There are many variations of the problem of points. In his 1494 work, Paccioli posed the problem,

$A$ and $B$ are playing a fair game [meaning that the probability that either wins a round is $1/2$]... They agree to continue until one has won six rounds. The game actually stops when $A$ has won five and $B$ three. How should the stakes be divided? (as cited in David, 1962, p. 37)

In modern terms, a variation could be posed: Suppose two of your friends each contributed to a pool of money to play a game where a fair coin is tossed until either a heads is tossed $4$ times (not necessarily consecutively), in which case Friend A wins, or until a tails is tossed $4$ times, in which case Friend $B$ wins. Say that $3$ heads and no tails have been tossed when the game is stopped abruptly. How much of the pool should each friend take?

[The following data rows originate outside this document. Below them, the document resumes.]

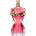 Jean Paul Gaultier La Belle Rosea EDP 50 ml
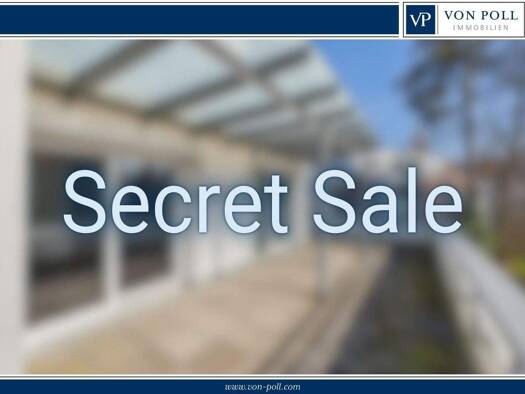 Penthouse zum Kauf 820.000 € 4 Zimmer 184,2 m² 2. Geschoss Nordstadt Hannover 30167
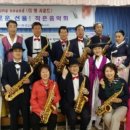 사곡동경로당 이미지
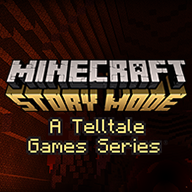 com.telltalegames.minecraft100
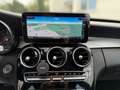 Mercedes-Benz C 300 C 300 T de (205.213) Blau - thumbnail 9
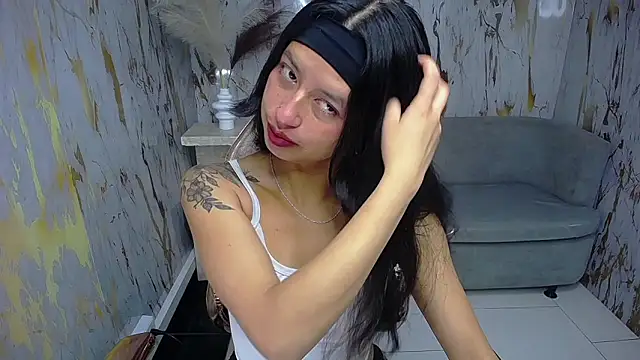 Snapshot of Candy_Rose_v chatting on February 2, 2026, 1:10 pm Candy Rose v online show from February 2, 2026, 1:10 pm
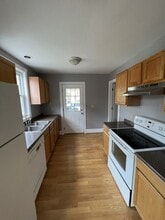26 E Patterson Ave in Columbus, OH - Building Photo - Building Photo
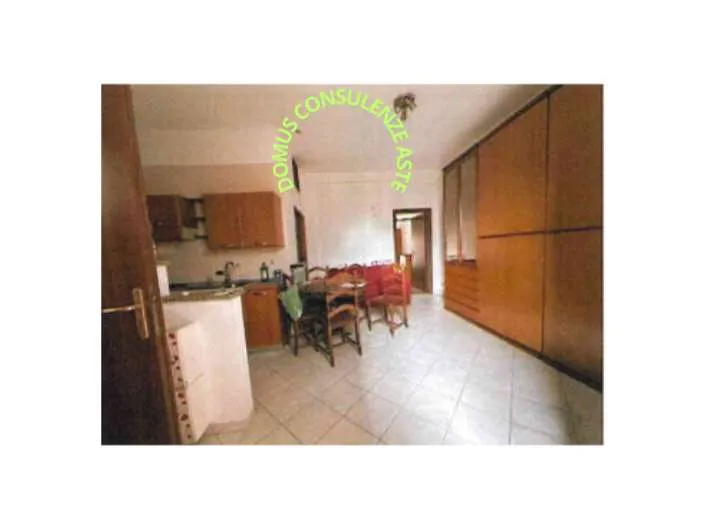 Appartamento in vendita a Torino, Aurora, Barriera Di Milano, Rebaudengo - foto 5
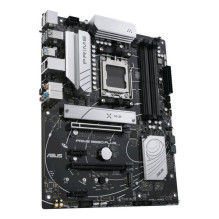 Pamatplate Asus PRIME B650-PLUS-CSM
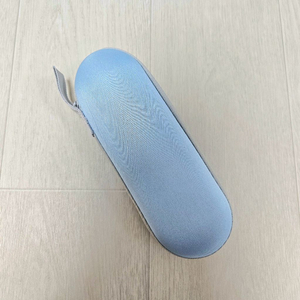 (새상품) UV 자외선 차단 양우산 초경량 미니 케이스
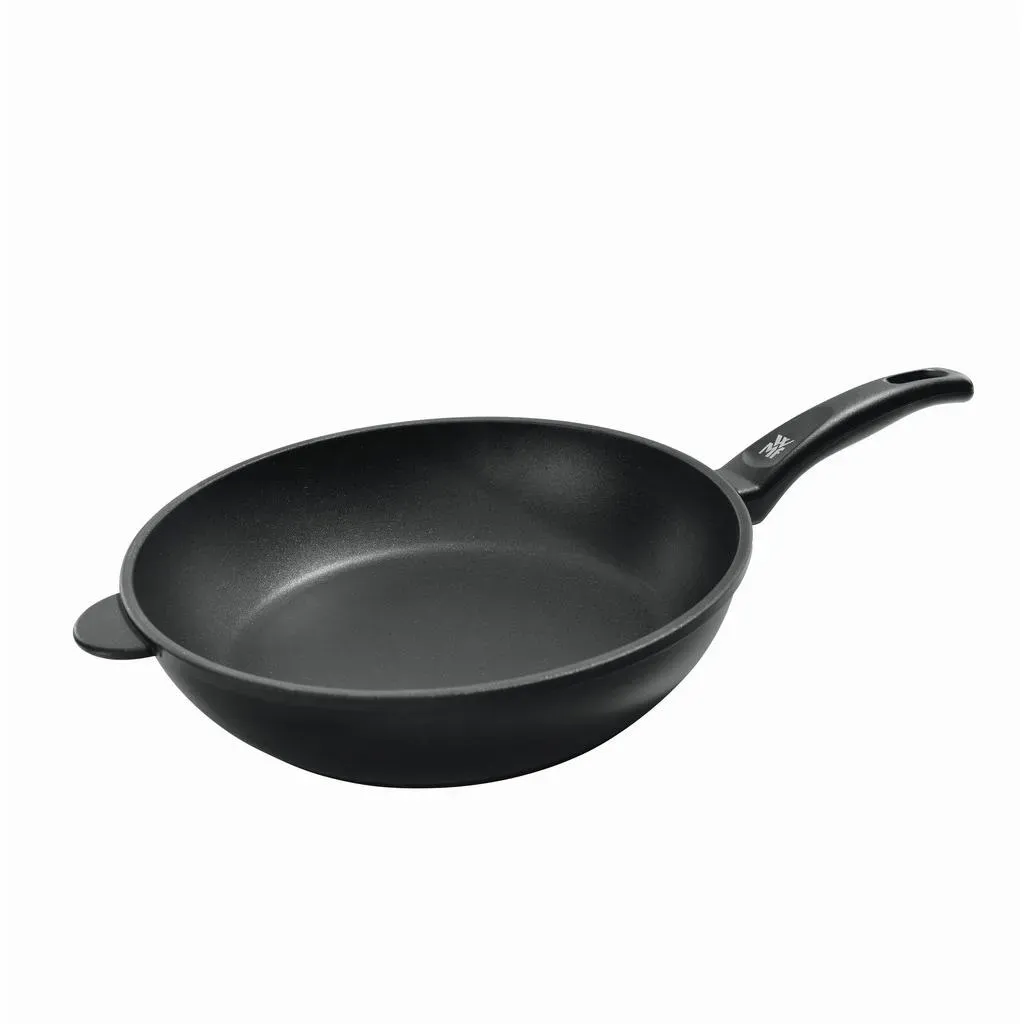 Party Schmorpfanne 28 cm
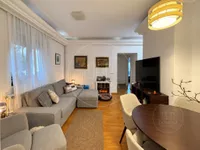 Neimar, Vračar, Beograd | 4zida.rs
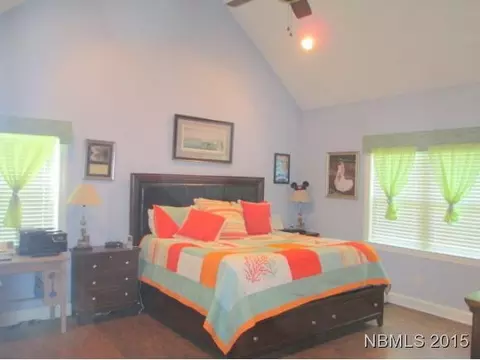 143 Pine Cove Rd, New Bern, NC 28562 photo 11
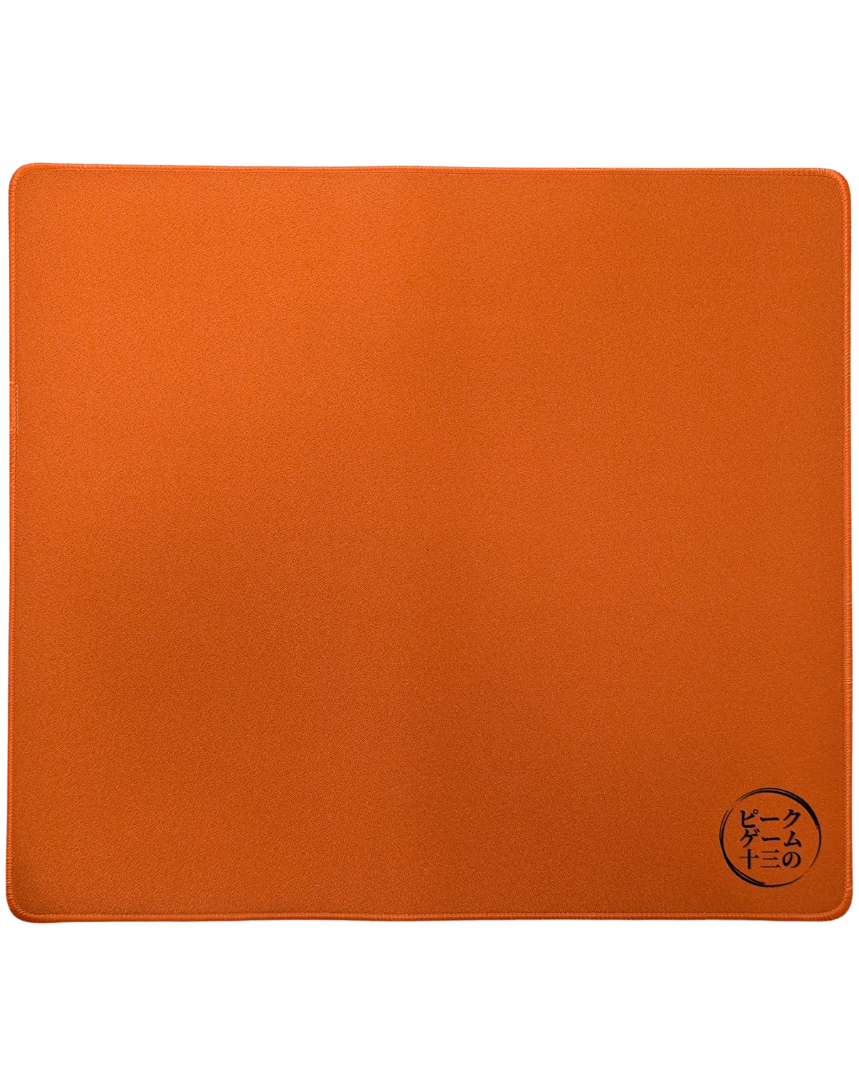 PG-13 Speed Edition Mousepad_img_3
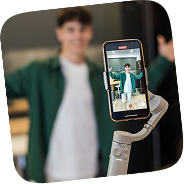 Influencer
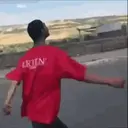 Ngjitës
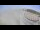 Webcam in Corpus Christi, Texas, 19.4 mi away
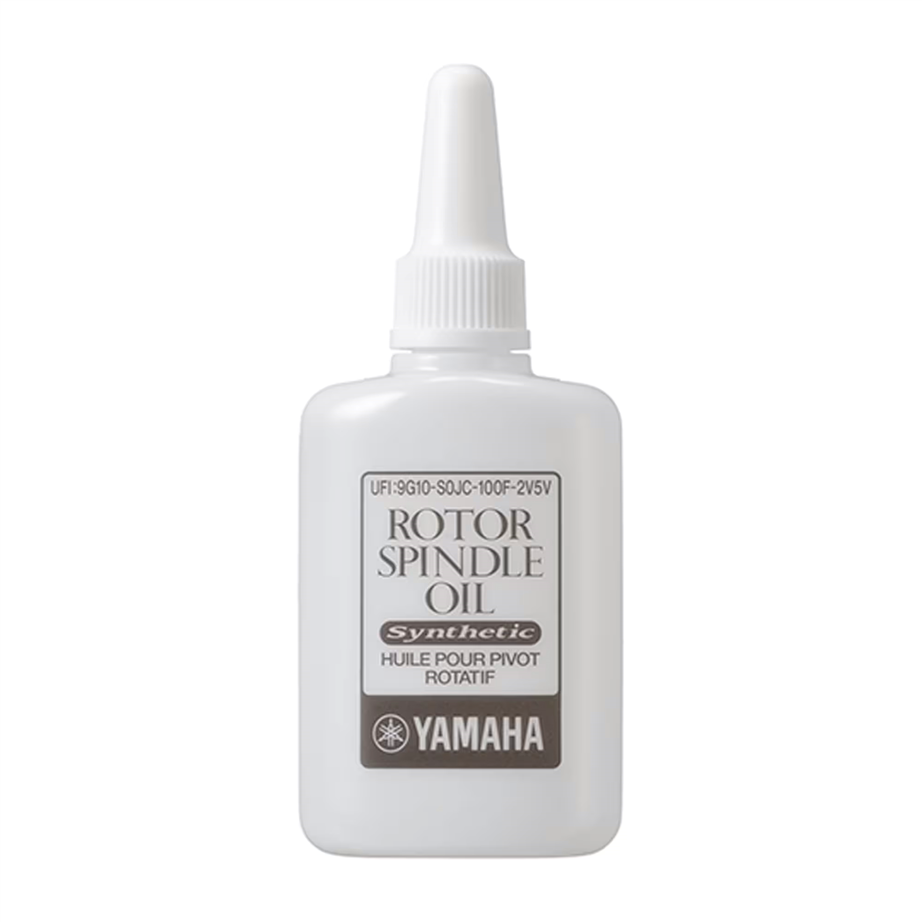 Yamaha RSO5 20ml Lubricant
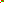 Destellos dst-10601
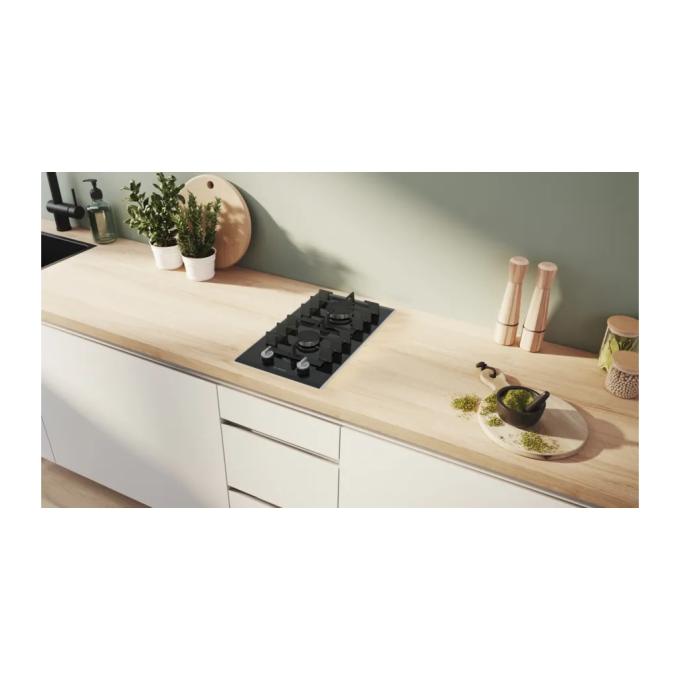 BOSCH PRB3A6I40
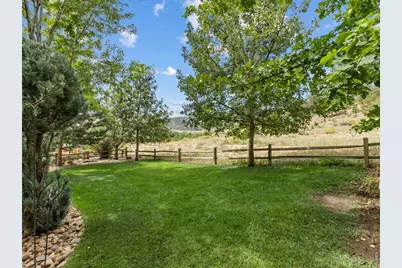 127 Eagle Valley Dr, Lyons, CO 80540 - Photo 40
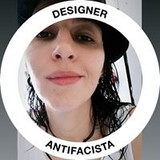 Gláucia Vanessa Gonçlaves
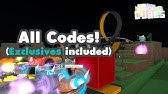 Roblox Mechacubes New Codes 2017 July Youtube - ambeboss on twitter roblox mechacubes new codes 2017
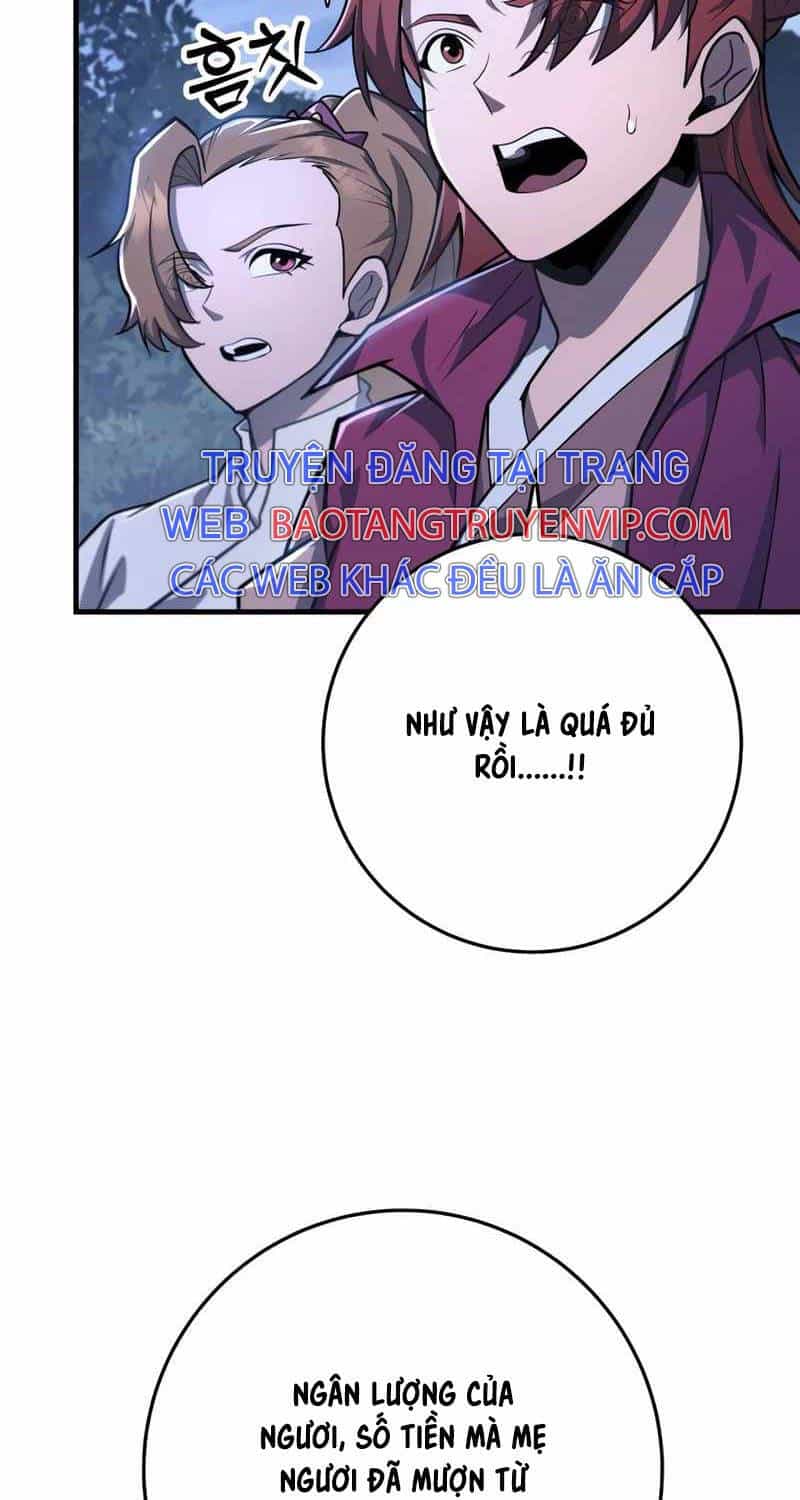 Cửu Thiên Kiếm Pháp - Chương 80 - ảnh 87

In the case proposed by Paccioli, he argued that the solution was a ratio of $5:3$, meaning that player $A$ should take $5/8$ of the pool and player $B$ should take $3/8$, because that was the ratio of the scores (David, 1962). However, the appropriate split is that player $A$ should take $7/8$ and player $B$ should take $1/8$. This is because from this point, player $A$ has a probability of $7/8$ to win, and player $B$ has a $1/8$ chance. One way to think about this is that the only way player $A$ does not win is if there are 3 consecutive rounds in favor of player $B$, a probability of $(1/2)^3$. Thus, player B has a $1/8$ probability and player $A$ has a $7/8$ probability of winning the game overall.

In the second case, the reasoning is similar. The only way Friend $B$ can win is if the coin is tails 4 times in a row. The probability of $4$ tails in a row is $(1/2)^4$. Then Friend B should win $1/16$ of the pool, so Friend $A$ should win $15/16$ of the pool.

Pierre de Fermat wrote a more general case of the problem in the second surviving letter he wrote to Pascal, dated 29 July 1654. In this case, each round still has a $1/2$ chance to be in favor of either player, but it is agreed to play until a player has won $n$ rounds, at which time, the winning player gets the whole pot. The game is interrupted when player $A$ needs $a$ more wins and player $B$ needs $b$ more wins. How much of the stake should each player take? To solve this problem, consider that the maximum number of rounds left to play is $a+b-1$. Then it is a matter of finding how many ways player $A$ can get at least a wins in the remaining $a+b-1$ rounds. This is represented in the following formula: $$\sum_{r=a}^{a+b-1}{\binom{a+b-1}{r}/2^{a+b-1}}$$

Pierre de Fermat and Blaise Pascal discussed the general form of the problem of points and independently arrived at the solution above. Their correspondence led to their discussion of other probability problems and topics, and motivated others to participate in discussions of these problems. Such discussion laid the groundwork for the later development of formal probability theory.